Point rendering is useful in scientific visualization. We very often want to direct attention to a specific point in a plot, on a curve, or on a surface. To learn more about drawing points, work with the first subsection of Chapter 5 in GL, Passing Other Types of Information to Vertex Shaders. After this, proceed to the fifth subsection of Chapter 10 in GL, Make a Rounded Point, and try to draw the more visually pleasing rounded points.
From the Week 2 exercises, you should have a visualization of a 3D object, which you can rotate using a virtual trackball. If the object is uniformly coloured, it may look rather flat and uninteresting. Work with the second subsection of Chapter 5 in GL, Color Triangle, and try to colour your object by transforming its surface normals to colours.
To get a real sense of three-dimensional space in your surface visualizations, you will need proper shading of your surface. Shading is accomplished by introducing light sources in the scene and by computing the surface colour in every pixel according to the light incident from these sources. Work through Chapter 8 in GL, Lighting Objects, to get proper shading of your 3D object.
Another way to make the visualization of a 3D object more interesting is to map an image onto the surface of the object. This is called texture mapping. Try to texture map the surface of your 3D object by working with the third and fourth subsections of Chapter 5 in GL, Pasting an Image onto a Rectangle and Pasting Multiple Textures to a Shape. Beware when you start working with textures that many browsers do not accept loading image files locally from the computer. The examples in GL will work once they get on a webpage, but use Internet Explorer 11 (IE11) to test locally. In IE11, you can choose Allow blocked content, and it will run locally in a problem-free manner.

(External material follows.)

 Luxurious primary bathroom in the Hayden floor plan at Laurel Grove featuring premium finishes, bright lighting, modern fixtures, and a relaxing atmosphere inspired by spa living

If time permits, it is an interesting exercise to combine some of the different effects (texturing and lighting, for example). The lecture provides an example of coloured, rounded points combined with multi-texturing. With these exercises, you start using the OpenGL Shading Language for Embedded Systems (GLSL ES) to a larger extent. Take a look at Chapter 6 of GL, The OpenGL ES Shading Langauge (GLSL ES), if you would like to have a deeper understanding of this programming language.
Reading Material
GL
Chapters 5 and 8. Using colors and texture images and lighting objects.
GL
Chapter 10, the fifth subsection (pp. 377-379). Make a rounded point.